Sun Mu – the faceless painter

Sun Mu is not the artist’s actual name. It’s a nom de plume that uses a combination of two Korean words that translate to ‘The Absence of Borders’. It not only represents what he feels is the transcendence of art but also the literal military demarcation line that keeps the Korean people separated.

THE RAIN had just stopped falling when I arrived at Sun Mu’s small art studio atop an old industrial building in one of Seoul’s western districts. His wife, Jeong and their two daughters, ages 5 and 2, had dropped by and stayed awhile longer to avoid the unpleasant weather.

Standing inside the studio, we’re surrounded by stacks of vividly colored paintings: some depicting smiling schoolchildren, another the silhouettes of dancers colored in blood-red and hanging on the back wall. a portrait of the late North Korean ruler Kim Jong-il.

Some of these images, while out of place if not illegal in democratic South Korea, reflect Sun Mu’s life story. It’s a complicated history that stretches back to his childhood in North Korea.

“When I saw Kim Il Sung on TV being pleased with the writings and paintings of little kids, I was really impressed.

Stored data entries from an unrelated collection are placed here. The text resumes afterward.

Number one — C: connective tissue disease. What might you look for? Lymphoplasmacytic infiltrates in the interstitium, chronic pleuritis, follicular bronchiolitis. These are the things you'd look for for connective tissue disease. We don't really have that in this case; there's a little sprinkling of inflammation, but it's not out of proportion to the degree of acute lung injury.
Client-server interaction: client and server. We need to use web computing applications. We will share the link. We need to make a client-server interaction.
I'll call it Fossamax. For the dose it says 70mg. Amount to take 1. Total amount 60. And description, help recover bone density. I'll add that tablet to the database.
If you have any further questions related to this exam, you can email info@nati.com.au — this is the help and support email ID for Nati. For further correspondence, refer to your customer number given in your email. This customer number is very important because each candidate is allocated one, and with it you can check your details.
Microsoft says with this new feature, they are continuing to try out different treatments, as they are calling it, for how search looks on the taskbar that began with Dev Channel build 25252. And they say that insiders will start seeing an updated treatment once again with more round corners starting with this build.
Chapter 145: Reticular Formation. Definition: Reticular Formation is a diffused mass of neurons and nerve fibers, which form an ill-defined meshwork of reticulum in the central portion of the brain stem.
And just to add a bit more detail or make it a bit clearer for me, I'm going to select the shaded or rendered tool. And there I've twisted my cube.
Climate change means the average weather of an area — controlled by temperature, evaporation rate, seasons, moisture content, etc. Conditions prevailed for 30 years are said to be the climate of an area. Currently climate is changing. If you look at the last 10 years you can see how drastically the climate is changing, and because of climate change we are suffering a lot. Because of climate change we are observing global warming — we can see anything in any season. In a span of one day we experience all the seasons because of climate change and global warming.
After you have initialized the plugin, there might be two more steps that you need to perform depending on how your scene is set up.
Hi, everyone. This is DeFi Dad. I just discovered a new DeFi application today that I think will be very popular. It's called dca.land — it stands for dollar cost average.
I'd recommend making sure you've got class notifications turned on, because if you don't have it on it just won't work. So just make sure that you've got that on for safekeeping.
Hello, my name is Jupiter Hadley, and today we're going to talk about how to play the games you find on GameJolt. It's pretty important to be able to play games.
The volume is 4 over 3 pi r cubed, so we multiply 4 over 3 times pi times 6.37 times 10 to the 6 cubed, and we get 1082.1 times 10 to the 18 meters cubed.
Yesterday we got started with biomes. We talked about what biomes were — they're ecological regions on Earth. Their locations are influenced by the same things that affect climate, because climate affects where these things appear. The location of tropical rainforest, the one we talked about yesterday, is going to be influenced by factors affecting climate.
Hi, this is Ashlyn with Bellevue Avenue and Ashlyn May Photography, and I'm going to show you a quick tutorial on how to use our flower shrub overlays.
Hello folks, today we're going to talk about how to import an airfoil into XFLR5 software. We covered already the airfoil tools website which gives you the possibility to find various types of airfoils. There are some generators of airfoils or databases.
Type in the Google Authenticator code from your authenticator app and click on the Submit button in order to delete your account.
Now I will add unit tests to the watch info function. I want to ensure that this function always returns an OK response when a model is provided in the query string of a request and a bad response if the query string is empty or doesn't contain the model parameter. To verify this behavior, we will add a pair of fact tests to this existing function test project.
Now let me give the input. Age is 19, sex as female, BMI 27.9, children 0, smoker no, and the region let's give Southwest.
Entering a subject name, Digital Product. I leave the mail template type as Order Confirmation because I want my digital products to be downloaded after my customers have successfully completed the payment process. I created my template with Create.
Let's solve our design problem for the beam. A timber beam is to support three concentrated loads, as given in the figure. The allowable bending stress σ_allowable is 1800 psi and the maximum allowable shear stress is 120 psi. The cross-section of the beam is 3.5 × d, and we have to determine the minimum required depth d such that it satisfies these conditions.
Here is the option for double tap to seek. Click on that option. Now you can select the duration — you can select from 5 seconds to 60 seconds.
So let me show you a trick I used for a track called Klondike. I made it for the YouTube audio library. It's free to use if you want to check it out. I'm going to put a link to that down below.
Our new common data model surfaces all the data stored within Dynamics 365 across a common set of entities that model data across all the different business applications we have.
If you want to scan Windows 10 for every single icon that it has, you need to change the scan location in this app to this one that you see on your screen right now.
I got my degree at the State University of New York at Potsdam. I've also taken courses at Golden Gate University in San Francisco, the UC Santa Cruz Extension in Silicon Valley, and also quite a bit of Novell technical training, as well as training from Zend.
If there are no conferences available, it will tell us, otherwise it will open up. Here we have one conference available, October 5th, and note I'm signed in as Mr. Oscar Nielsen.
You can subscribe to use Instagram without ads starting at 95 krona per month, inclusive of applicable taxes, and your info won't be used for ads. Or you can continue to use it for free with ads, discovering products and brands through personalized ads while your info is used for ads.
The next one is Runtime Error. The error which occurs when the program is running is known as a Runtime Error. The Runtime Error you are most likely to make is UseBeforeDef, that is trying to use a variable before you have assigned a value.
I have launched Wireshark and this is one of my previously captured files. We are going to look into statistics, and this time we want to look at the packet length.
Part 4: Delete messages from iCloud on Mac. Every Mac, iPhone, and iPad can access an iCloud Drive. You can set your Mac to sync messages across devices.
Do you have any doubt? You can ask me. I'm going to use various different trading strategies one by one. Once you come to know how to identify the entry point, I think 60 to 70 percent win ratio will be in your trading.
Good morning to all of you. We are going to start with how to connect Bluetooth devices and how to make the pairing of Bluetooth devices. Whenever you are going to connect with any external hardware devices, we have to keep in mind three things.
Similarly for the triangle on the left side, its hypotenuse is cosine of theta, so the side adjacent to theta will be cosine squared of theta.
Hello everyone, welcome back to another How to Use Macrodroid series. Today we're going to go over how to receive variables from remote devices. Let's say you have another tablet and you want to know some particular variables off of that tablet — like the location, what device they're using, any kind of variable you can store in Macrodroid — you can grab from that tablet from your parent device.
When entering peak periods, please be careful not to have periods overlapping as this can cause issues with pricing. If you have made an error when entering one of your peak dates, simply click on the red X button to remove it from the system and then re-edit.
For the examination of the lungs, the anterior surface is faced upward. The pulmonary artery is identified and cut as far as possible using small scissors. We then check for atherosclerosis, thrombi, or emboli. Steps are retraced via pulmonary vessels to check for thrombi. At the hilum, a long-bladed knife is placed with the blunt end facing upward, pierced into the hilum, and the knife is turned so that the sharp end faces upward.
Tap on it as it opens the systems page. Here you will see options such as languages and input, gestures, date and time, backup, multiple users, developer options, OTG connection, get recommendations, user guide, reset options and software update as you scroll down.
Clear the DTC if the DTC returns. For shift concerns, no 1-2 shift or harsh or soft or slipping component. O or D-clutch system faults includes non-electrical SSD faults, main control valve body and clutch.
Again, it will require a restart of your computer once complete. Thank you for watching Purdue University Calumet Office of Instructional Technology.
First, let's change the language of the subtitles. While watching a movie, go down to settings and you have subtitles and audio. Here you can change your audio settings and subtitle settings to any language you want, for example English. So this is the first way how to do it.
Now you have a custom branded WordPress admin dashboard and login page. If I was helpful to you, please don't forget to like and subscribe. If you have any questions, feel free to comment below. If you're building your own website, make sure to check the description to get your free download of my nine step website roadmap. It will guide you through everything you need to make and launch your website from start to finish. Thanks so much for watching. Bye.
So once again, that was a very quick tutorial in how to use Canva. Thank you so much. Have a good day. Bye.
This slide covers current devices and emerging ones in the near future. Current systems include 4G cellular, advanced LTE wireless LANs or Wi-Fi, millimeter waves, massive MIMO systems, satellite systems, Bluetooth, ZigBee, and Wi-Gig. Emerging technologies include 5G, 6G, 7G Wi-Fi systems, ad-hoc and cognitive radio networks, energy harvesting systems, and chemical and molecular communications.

I wanted him to pat me on the back. I wanted his praise,” Sun Mu said. “I wanted him to like me too.”

Sun Mu has not seen his family since late 1990s. Even though his hometown would be just a few hours drive from where he lives now, it might as well be on another planet. As a defector from one of the world’s most repressive nations, Sun Mu can never go back.

Separated by the landmine filled DMZ since the end of the fratricidal Korean War in 1953, travel between the two nations is all but forbidden. There is no phone or postal service. And given the state of tensions now on the peninsula, there appears to be no change on the horizon.

Sun Mu’s story is not of a man whose questioning of the system led him to seek freedom. Unlike in George Orwell’s novel 1984, Sun Mu did not come to a revelation that what he had grown up believing was all a lie. Instead he like most of the other 23,000 North Koreans that now call South Korea home, never actually intended to leave his family for good.

When Sun Mu arrived in Seoul in 2002, he only knew one thing: how to paint. He had been trained as a propaganda artist back in the North and didn’t want to give up his trade, even though he was unsure how he could make this style relevant in his new surroundings. After time, he realised that same motif he once used to glorify North Korea’s leaders on banners and posters back home could be used to create an ironic critique of the same men he once worshiped like gods.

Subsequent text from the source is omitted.